A firsthand look at pumpovers during the 2016 harvest

What I Did Not Like This Year

Too many wines that taste exactly the same. Napa Valley is home to an extraordinary range of geologies, soils and topographical features that, in turn, play a role in defining the unique microclimates that are found in many regions within the valley. And yet, far too many wines are anonymous.

The tearful Saturday morning phone call I received informing me of the tragic car accident that claimed the life of Denis Malbec.

Wineries with no track record whatsoever offering their first releases at eye-popping triple digit prices. Yes, I know land and grapes are very expensive in Napa Valley, but quality establishes price, not the other way around. The first wave of high-flying Napa Valley cult wines were, for a time, priced at levels where the average person could afford to taste the wines. By the time early consumers started getting priced out of the market, enough people has tasted the wines for those estates to have established reputations. A new estate that starts out at $250 a bottle has never had that early customer. It’s a high stakes poker game, because at these prices, the market, very rightly, has no patience for anything less than extraordinary quality. And the level of competition among high-end wineries has never been more intense. Aside from a handful or two of estates, even the most established high-end wineries battle every day to sell their wines, while keeping prices high and placing the wines where they want.

Wineries that think hiring one of Napa Valley’s top winemaking consultants is the secret to success.

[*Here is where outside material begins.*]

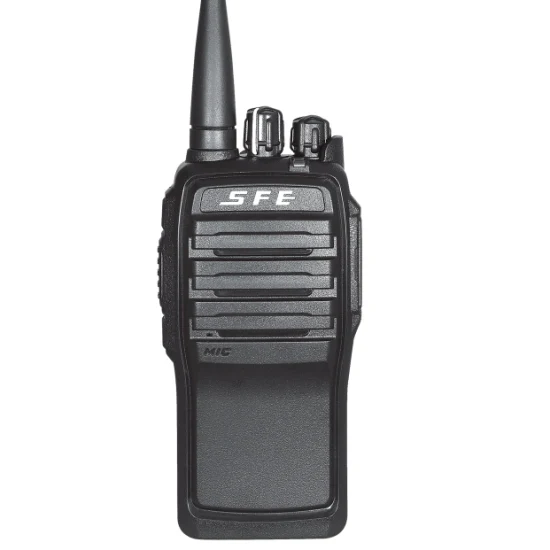 Sfe S890pls Radio analogica Vendita calda Walkie Talkie Radio Potenza di uscita 5 W 199 canali con canale occupato Portata di conversazione lunga Portata di 5 km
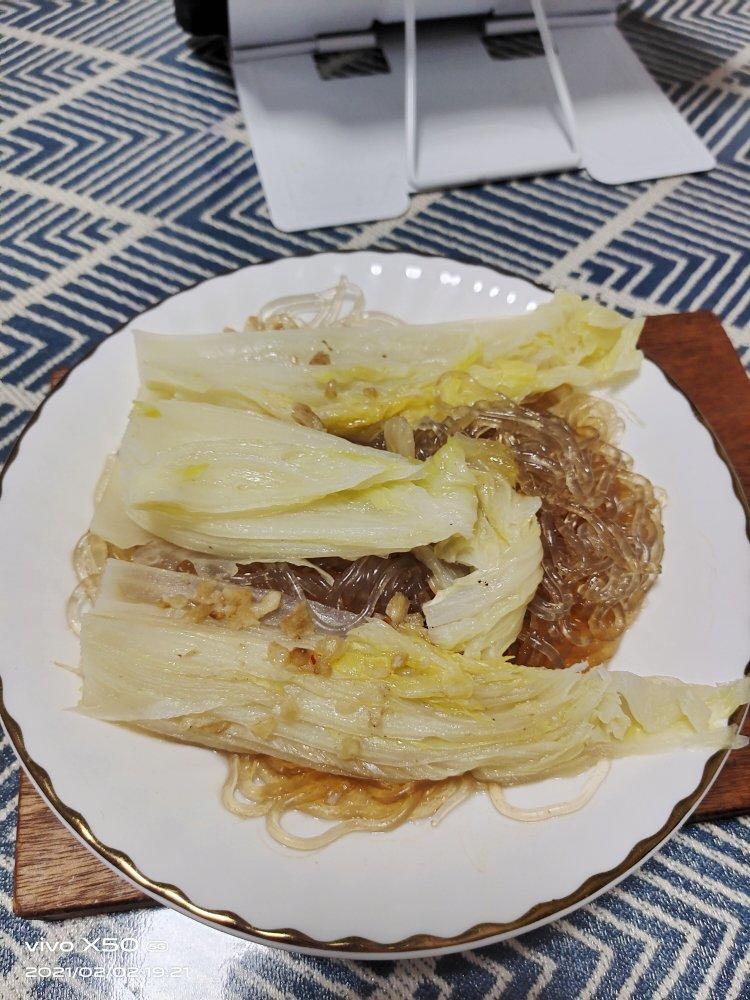 蒜蓉粉丝娃娃菜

A consultant should be exactly that – a consultant. Someone who provides guidance and advice. There is no substitute for in-house talent.

Wineries that have the means, scale and profitability to own their own bottling lines, but don’t. This means the final, and most critical, step in finishing a wine, which is getting it into bottle, is controlled by outside technicians. A few years ago, I tasted a wine with a well-known winemaker who could not be 100% sure the wine in the bottle was actually her wine. And if you think I am exaggerating, sadly, I am not.

One bottle allocations. Who wants just a single bottle of any wine? (Grand Cru Burgundy excepted).

Losing so many important, leading figures in the world of wine.

Herb Lamb Vineyard, St. Helena

About This Article

The wines in this article were tasted in September and October 2016, followed by additional tastings in my office in New York. In total, I spent about two months in Napa Valley in 2016. I visited more properties and tasted more wines than ever before, which resulted in a large number of reviews and producer commentaries.